On 2022-03-01T17:46:20+0100, I wrote:
> On 2022-01-13T10:54:16+0100, I wrote:
>> On 2019-05-08T14:51:57+0100, Julian Brown <julian@codesourcery.com> wrote:
>>> - The "addressable" bit is set during the kernels conversion pass for
>>> variables that have "create" (alloc) clauses created for them in the
>>> synthesised outer data region (instead of in the front-end, etc.,
>>> where it can't be done accurately). Such variables actually have
>>> their address taken during transformations made in a later pass
>>> (omp-low, I think), but there's a phase-ordering problem that means
>>> the flag should be set earlier.
>>
>> The actual issue is a bit different, but yes, there is a problem.
>> The related ICE has also been reported as <https://gcc.gnu.org/PR100280>
>> "ICE in lower_omp_target, at omp-low.c:12287". [...]

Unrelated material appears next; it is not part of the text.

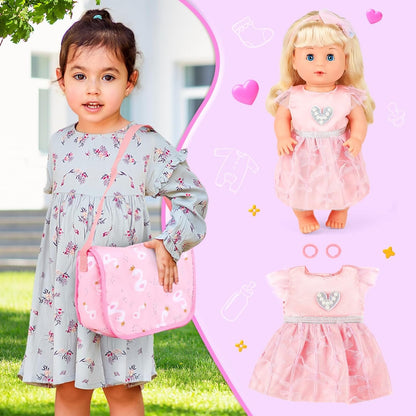 “12" Realistic Baby Doll Set with Crib & Accessories, Pretend Play Toys for 3+ Year Old Girls& Boys, Includes Feeding Set, Doll Clothes & Montessori Toys, Birthday Gift for Kids Toddlers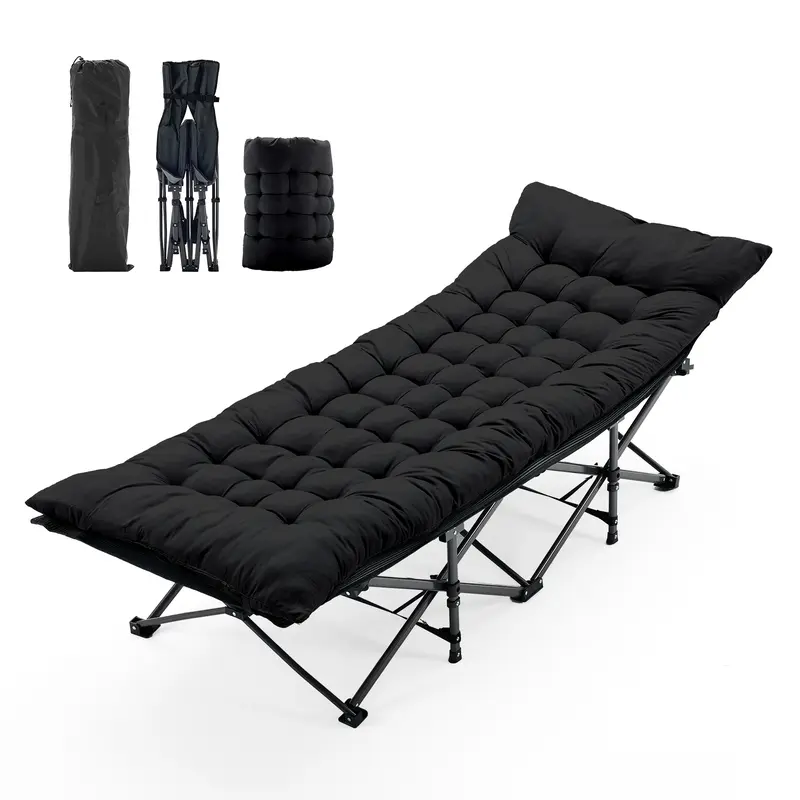 【Oferta de Verano】Catre Plegable de Camping para Adultos con Colchón, 6 Posiciones Ajustables, Ligero y Resistente hasta 450 lb, Ideal para Camping, Oficina y Exterior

We've resolved all such known ICEs -- but still have open
<https://gcc.gnu.org/PR104892> "OpenACC 'kernels' decomposition:
wrong-code cases unless manually making certain variables addressable".
This is avoided by:
> workaround patches like
> we have on the og11 development branch:
> - "Avoid introducing 'create' mapping clauses for loop index variables in kernels regions",
> - "Run all kernels regions with GOMP_MAP_FORCE_TOFROM mappings synchronously",
> - "Fix for is_gimple_reg vars to 'data kernels'"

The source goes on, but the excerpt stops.